*How to complete this task*. Please reproduce the entries below exactly as they stand, but leave the pictures out.

*Information shown*.
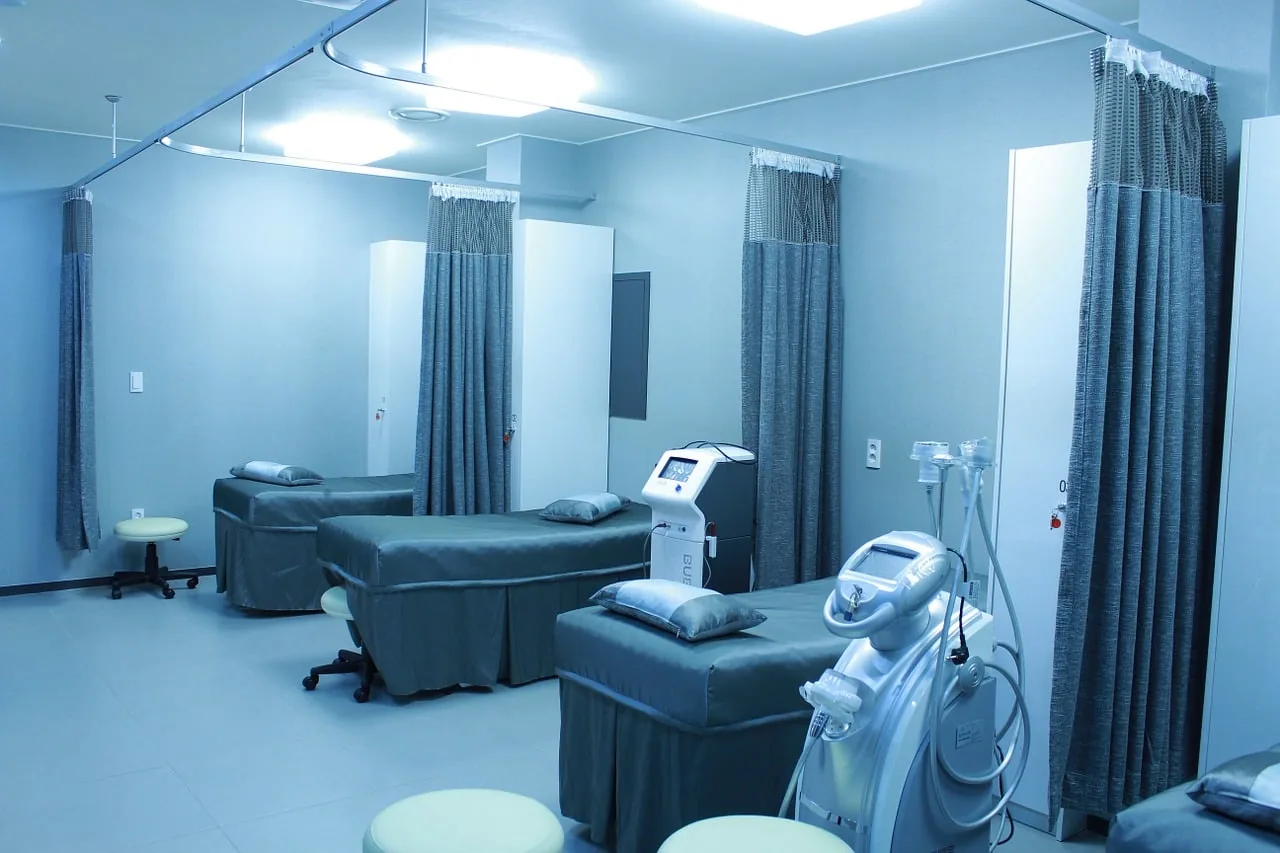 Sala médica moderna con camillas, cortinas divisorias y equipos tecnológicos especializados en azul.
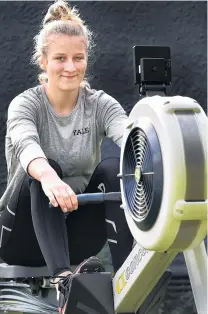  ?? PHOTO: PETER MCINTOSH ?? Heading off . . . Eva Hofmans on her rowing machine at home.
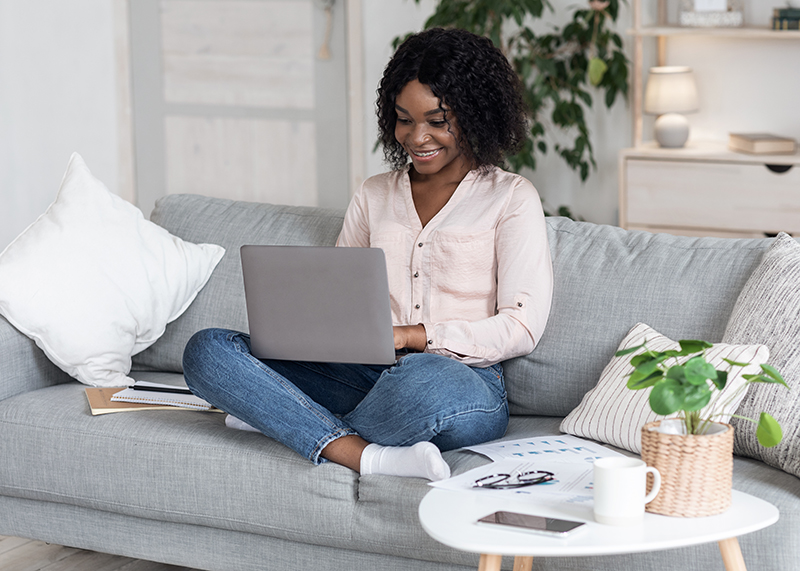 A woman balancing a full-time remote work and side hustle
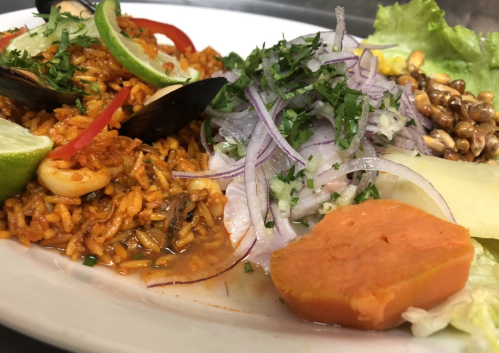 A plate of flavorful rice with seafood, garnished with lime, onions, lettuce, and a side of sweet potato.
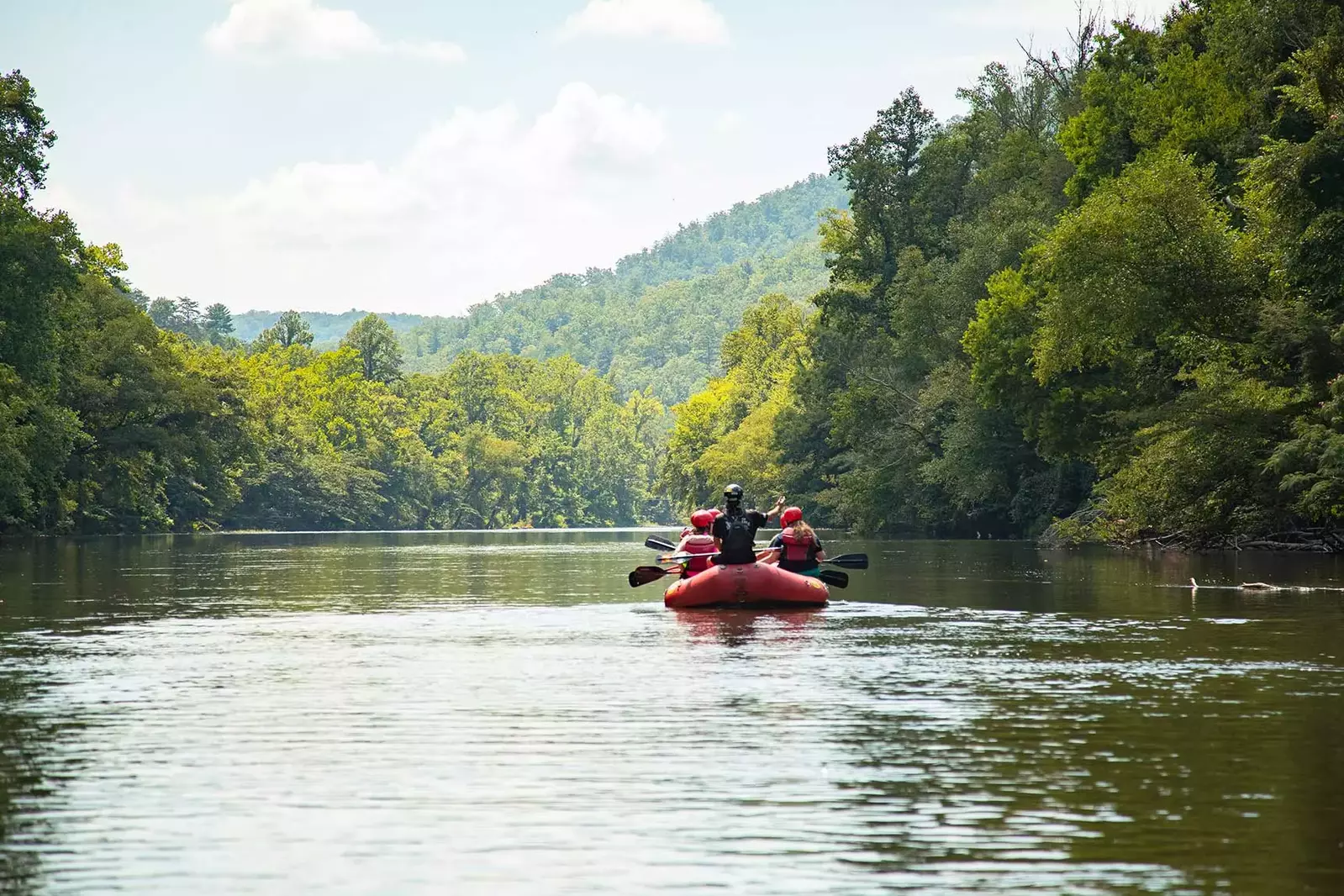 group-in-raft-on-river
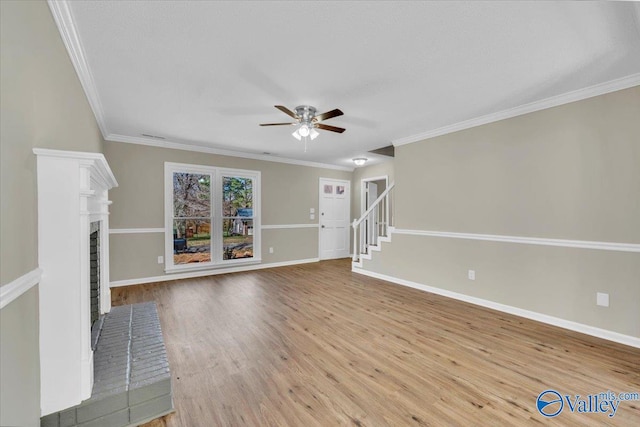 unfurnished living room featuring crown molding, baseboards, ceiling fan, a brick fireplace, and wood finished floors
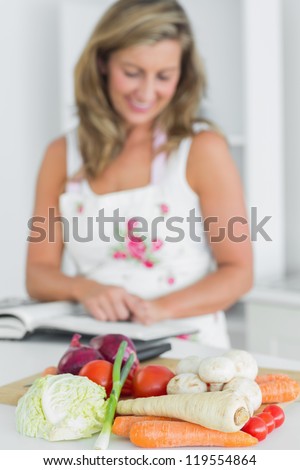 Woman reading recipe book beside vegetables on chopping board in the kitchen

*Exercise solution*.
 Sala médica moderna con camillas, cortinas divisorias y equipos tecnológicos especializados en azul.
  ?? PHOTO: PETER MCINTOSH ?? Heading off . . . Eva Hofmans on her rowing machine at home.
 A woman balancing a full-time remote work and side hustle
 A plate of flavorful rice with seafood, garnished with lime, onions, lettuce, and a side of sweet potato.
 group-in-raft-on-river
 unfurnished living room featuring crown molding, baseboards, ceiling fan, a brick fireplace, and wood finished floors
 Woman reading recipe book beside vegetables on chopping board in the kitchen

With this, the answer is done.